In einer international erscheinenden Verbandspublikation hat aus unserer Steuerfachabteilung WP/StB Christian Brütting – unter Mitarbeit von Rechtsanwältin Lan-Anh Nguyen und Rechtsanwalt Tim Babosek – einen Artikel zum Thema Familienstiftungen in einem internationalen Medium veröffentlicht. Lesen Sie hier den Originalartikel:
„Successfully securing wealth with foundations in Germany
Besides large companies, small and medium-sized enterprises still remain to form the backbone of corporate Germany. Among them are numerous outstanding family-owned businesses, that have grown sustainably over decades or even generations.
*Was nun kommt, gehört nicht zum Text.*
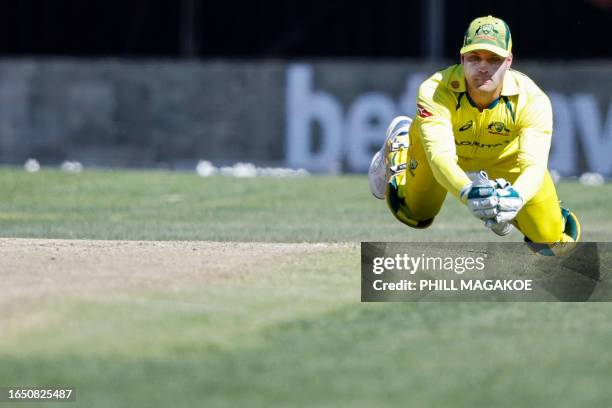 Australia's Alex Carey catches the ball dismissing South Africa's Aiden Markram during the first one-day international cricket match between South...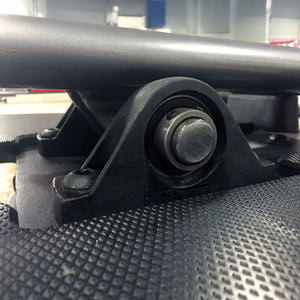 Close-up of a black metal component with a bolt on a textured surface.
Guided by shared values such as tradition, vision and innovation, as well as a forward-looking leadership culture, many have developed the status of hidden champions in the global market.
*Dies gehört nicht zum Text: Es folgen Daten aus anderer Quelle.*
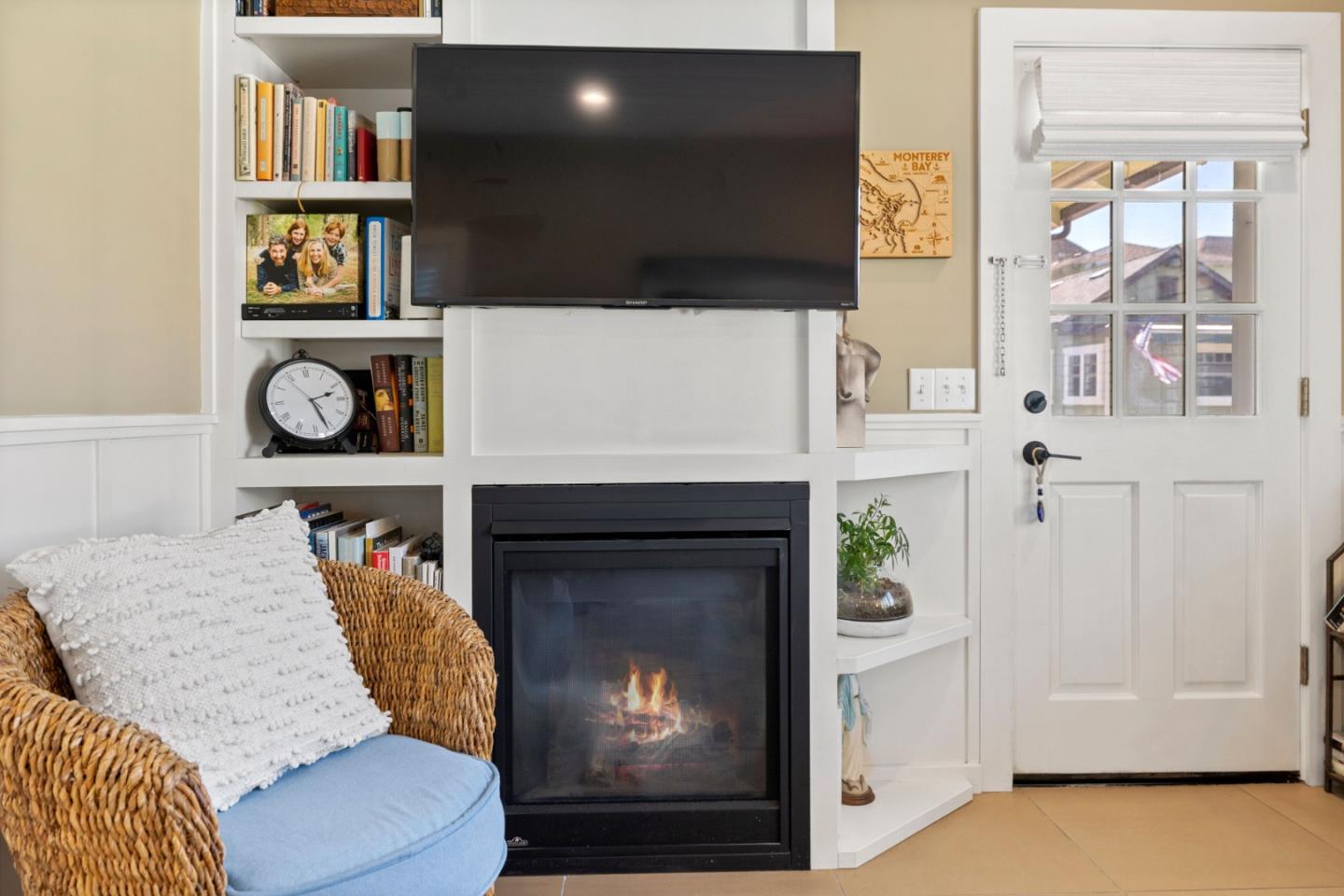 106 Lawn Way Capitola, CA 95010 - Photo 10 of 21 a living room with furniture and a fireplace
But what happens, if a successful entrepreneur does not manage a feasible succession plan for the future of his or her business these days?
Right now, the publicly discussed (even notorious, some may say) case of an extremely successful venture, Bavarian Knorr-Bremse Group, with a turnover of roughly 7 billion €, serves as an example of how problematic succession and wealth management can go off rails, if business succession planning has not been thoroughly engaged.
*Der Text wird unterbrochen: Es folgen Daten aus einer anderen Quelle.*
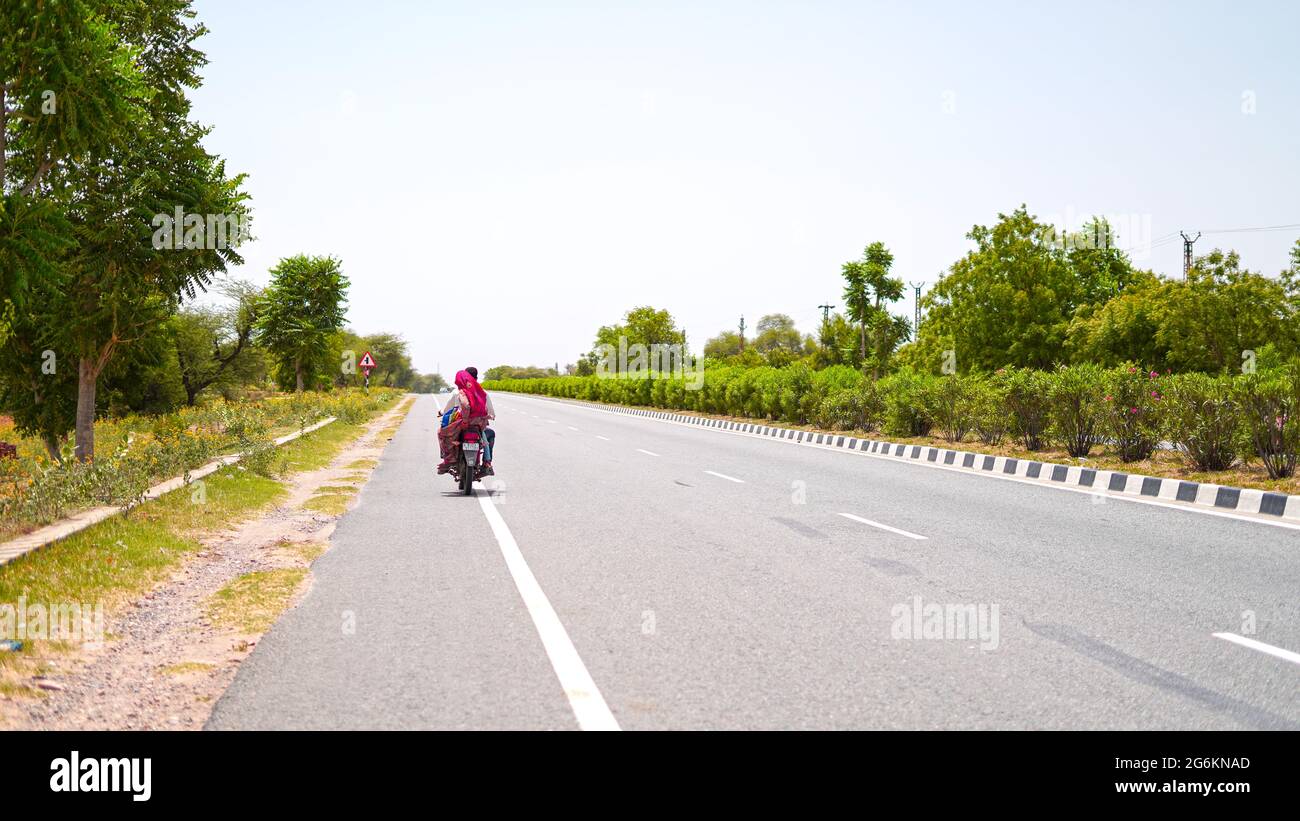 07 luglio 2021 - Reengus, Sikar, India. Lunga strada asfaltata e veicoli che attraversano la foresta. Strada di trasporto asfaltata con boullev verde Foto Stock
The late entrepreneur, as one can derive from various press reports, drew up a will which provided for a foundation to primarily hold the shares of Knorr-Bremse Group. It was planned, that major stakes in Knorr-Bremse and in Vossloh, as well as a block of Lufthansa shares, should be safely wrapped in a foundation, along with other assets. But the last will unfortunately remained a work in progress. Consequently, a dispute sparked in the family about the immense inheritance. Because of emotions or even bad advice, the last will did not provide a clear roadmap but left essential points of design to “post mortem arrangements”. The case is still pending, but could in a worst case scenario – according to the well-known German paper FAZ – result in taxes of approx. €5 billion - a massive blow even for this outstanding business.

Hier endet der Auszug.